L’utilità del sale in campi centrali per la sopravvivenza, l’aspetto, bianco e puro, e forse anche la parentela con l’acqua favorirono già in epoca antica la costruzione di un’immagine vitale e positiva per questo elemento. Da qui la coniazione, dalla stessa radice, di parole che hanno a che fare con la salute, come salve ‘stammi bene’, salus ‘salvezza, salute’, salubritas ‘sanità’. Il simbolo del sale/salute si continuò anche nel Medioevo, durante il quale esso veniva sparso durante battesimi, benedizioni ed esorcismi, mentre se ne deplorava lo spreco, considerato non solamente antieconomico, ma anche di cattivo augurio.
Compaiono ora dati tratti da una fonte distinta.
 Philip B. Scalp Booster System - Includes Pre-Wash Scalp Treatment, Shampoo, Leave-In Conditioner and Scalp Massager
L’alone simbolico sviluppatosi intorno al sale, però, è ancora più complesso: oltre alla salute, esso è associato fin dall’antichità all’intelligenza; impronte di questo valore sono ancora ben presenti in italiano (e in altre lingue moderne), sia nel patrimonio idiomatico che nei significati di alcune parole. Celebre è l’espressione “sale della terra”, con cui Cristo definisce i suoi discepoli nel sermone della montagna, ma è anche significativo che gli aggettivi insipido e sciocco, indicanti una pietanza non sufficientemente salata, qualifichino anche una persona non brillante. Non solamente il sale, tra l’altro, è usato come metafora dell’intelligenza, ma anche il confinante concetto di sapore. Gli aggettivi insipido, saporito, sapido (tanto ‘gustoso’, quanto ‘sagace, arguto’) e lo stesso nome sapore sono imparentati con il verbo latino sàpere, che dal significato ‘avere sapore’ aveva sviluppato già nell’antica Roma quello metaforico di ‘avere conoscenza’, con tutte le conseguenti ramificazioni nelle lingue moderne, neolatine e no (vale la pena ricordare almeno il nome inglese savvy ‘acume’).
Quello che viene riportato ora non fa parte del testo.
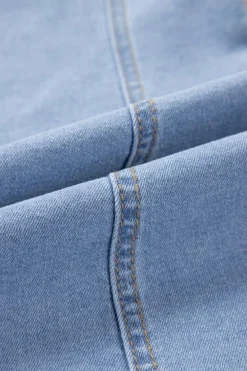 Discount Dear-Lover Light Wash Denim Buttoned Front Chest Pockets Sleeveless Slim Mini Dress Beau Blue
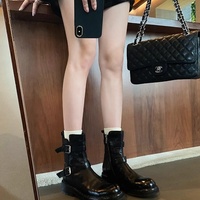 Women's cowhide belt buckle martin boots 2 colors - Thumbnail 4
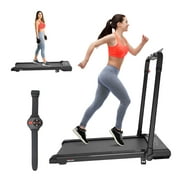 2 in 1 Walking Pad with Handrail Under Desk Foldable Treadmill 2.5HP Jogging Machine With Remote Control RELIFE REBUILD YOUR LIFE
Dopo una storia tanto gloriosa, oggi il sale ha perso gran parte della sua funzione, quindi anche della sua potenza simbolica. È molto meno usato come additivo per la conservazione del cibo, anche se rimane essenziale nella confezione dei salumi e di altri alimenti tipici. Recenti studi, inoltre, hanno dimostrato che l’assunzione di una dose superiore a 5g al giorno può essere molto nociva, arrivando a causare un aumento del 27% dell’incidenza di ictus o di malattie cardiovascolari.